Starting with the line that contains "Multiplication with each", return every line through the end of the listing below exactly as written. Omit the pictures.
[[ GIVEN INFORMATION, beginning ]]
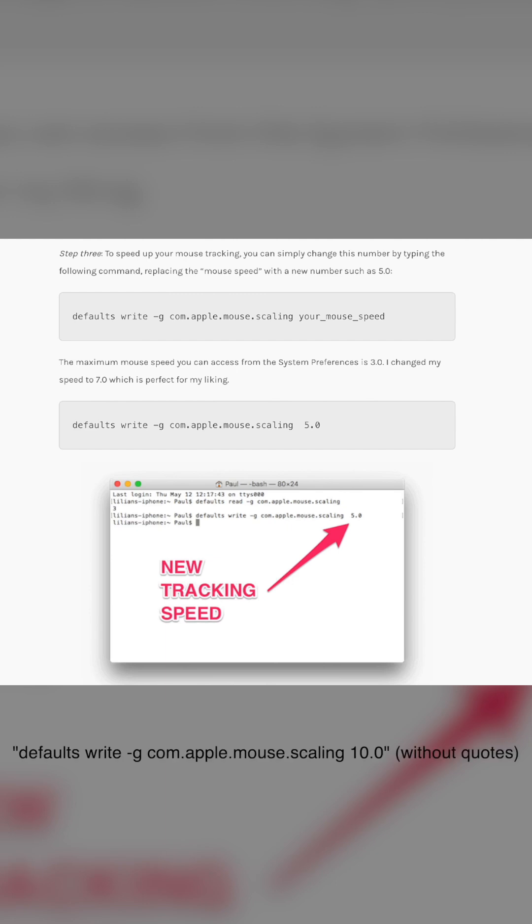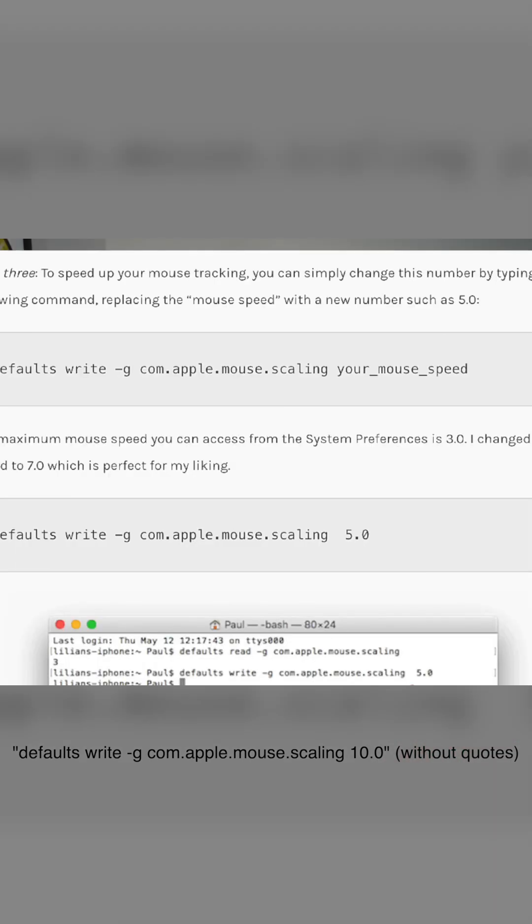Here you're going to type in: defaults space write space minus g space com.apple.mouse.scaling space. And here it says 'your mouse speed'—that's just where you put the number of the speed that you want. I put 10 after the word scaling.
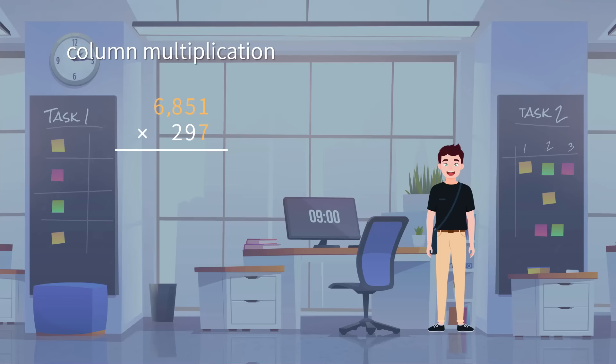Multiplication with each digit in 6,851 with 7 is the first calculation we should do. This gives 47,957.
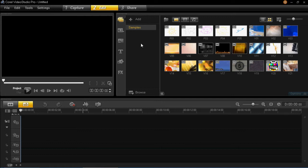So basically what Smart Proxy is, is a function to allow you to edit larger files, like HD files, without having to make your computer process all of those files while you're editing it in the timeline.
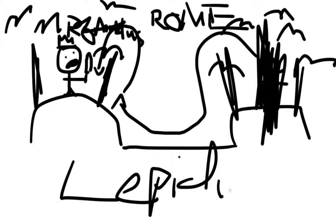Romulus founds Rome. Everything is great. I'm Lepidus. And this has been Lepidus Draws History with Lepidus. See you next time.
[[ GIVEN INFORMATION, end ]]
[YOUR RESPONSE]:
Multiplication with each digit in 6,851 with 7 is the first calculation we should do. This gives 47,957.
So basically what Smart Proxy is, is a function to allow you to edit larger files, like HD files, without having to make your computer process all of those files while you're editing it in the timeline.
Romulus founds Rome. Everything is great. I'm Lepidus. And this has been Lepidus Draws History with Lepidus. See you next time.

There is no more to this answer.